His smoke-filled office in the back of the store is hung with heavy green-yellow drapes that probably came with the business when he bought it 23 years ago. On his desk are two withered apples and a gag hand grenade labeled "complaint department."

But the desk toy doesn't reflect Ward's real attitude toward his customers. More than once, he said, he has taken a loss on a sale just to keep a customer happy. And unlike many of his competitors, he offers free delivery, will haul off the old appliances for no charge, and throws in the electrical cord free.

"It's a minor thing," he said, but it adds up to savings of $60 or $70 for the customer.

"I like to treat people fair. Losing a few dollars won't hurt me," he said.

Ward also emphasizes personalized service.

"You have to sell yourself. If you have the price and the product, that's good, but if they don't like you, they won't come back."

His company also services what they sell. If there's a problem, "they call me," he said.

Ward said he can compete with the larger stores because he can buy just as cheaply as they can, but he can sell for less because he has less overhead.

He has five full-time employees, but he works 10 hours a day six days a week, coordinating deliveries, ordering goods, and selling directly to customers.

Ward estimates that 50 percent of his sales are to repeat customers. Business has been so good that six years ago, he opened a second store in the Riverpark Shopping Center in Vinton.

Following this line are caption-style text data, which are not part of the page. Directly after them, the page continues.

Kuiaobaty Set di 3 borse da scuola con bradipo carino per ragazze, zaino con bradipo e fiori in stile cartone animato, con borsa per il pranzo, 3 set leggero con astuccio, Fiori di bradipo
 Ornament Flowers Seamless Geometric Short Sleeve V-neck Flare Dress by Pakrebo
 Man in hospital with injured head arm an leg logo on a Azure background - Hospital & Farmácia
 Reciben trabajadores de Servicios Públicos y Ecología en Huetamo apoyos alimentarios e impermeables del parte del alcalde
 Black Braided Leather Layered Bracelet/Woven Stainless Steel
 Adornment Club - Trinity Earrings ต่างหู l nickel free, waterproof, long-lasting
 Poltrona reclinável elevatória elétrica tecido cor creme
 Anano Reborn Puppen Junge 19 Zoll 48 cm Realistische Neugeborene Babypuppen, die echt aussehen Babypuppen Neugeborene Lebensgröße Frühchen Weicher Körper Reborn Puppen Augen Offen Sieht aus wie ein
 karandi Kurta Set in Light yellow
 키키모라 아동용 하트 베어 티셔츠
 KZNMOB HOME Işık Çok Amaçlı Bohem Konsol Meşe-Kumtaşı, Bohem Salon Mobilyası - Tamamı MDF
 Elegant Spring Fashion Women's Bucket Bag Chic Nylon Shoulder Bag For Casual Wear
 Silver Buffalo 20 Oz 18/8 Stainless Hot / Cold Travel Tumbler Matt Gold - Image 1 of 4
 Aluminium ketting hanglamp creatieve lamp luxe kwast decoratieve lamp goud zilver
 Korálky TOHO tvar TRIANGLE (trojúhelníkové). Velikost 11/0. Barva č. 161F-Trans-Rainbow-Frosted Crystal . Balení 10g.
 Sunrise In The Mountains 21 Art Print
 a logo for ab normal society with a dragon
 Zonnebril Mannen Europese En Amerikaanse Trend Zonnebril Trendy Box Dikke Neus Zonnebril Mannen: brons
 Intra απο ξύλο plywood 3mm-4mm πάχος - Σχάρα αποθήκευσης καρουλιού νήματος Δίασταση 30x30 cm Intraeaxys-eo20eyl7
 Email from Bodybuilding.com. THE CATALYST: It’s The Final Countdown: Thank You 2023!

Sometimes, he said, he has two trucks making deliveries all day long.

The Vinton store does not do as much business as the Grandin Road store, he said, but it is smaller and caters mainly to the Vinton and Bedford County areas.

The Grandin Road store brings in customers from all over, including Blue Ridge and Bent Mountain, Ward said, but 60 to 70 percent come from Southwest and South Roanoke. They are of all ages and all backgrounds, he said, but almost 90 percent pay for their purchases with cash or credit cards. "I do very little financing."

Another advantage to shopping his store is that everything he sells is mid- or high-quality, Ward said. "I've got the best products." Ward has been in the appliance business for 34 years. He grew up in the Roanoke Valley and in Pulaski, moving 15 or 16 times as his real-estate salesman father exchanged houses again and again. He graduated from William Byrd High School and played college football on scholarship for a year and a half. After he injured his shoulder, he left school and joined the army, knowing he would be drafted anyway.

After his discharge in 1960, he got a job at Holdren's, a large locally owned appliance store. He hadn't planned to make a career in sales, he said: "it just happened."

By 1973, "I had gone as far as I could go" at Holdrens, so Ward decided to go into business for himself. He bought the Grandin Road store, which was already an appliance dealership called Brown Electrical Company, "because it was the only one I could find." But it has proved to be a good location.

Ward's is one of only a handful of independent appliance stores in the Roanoke Valley, and he doesn't think there will be too many more opening up in the future.

"It takes a lot of money to start an appliance store today," he said.

"You'll never get rich in this business," he said, but "you can't take it with you anyway."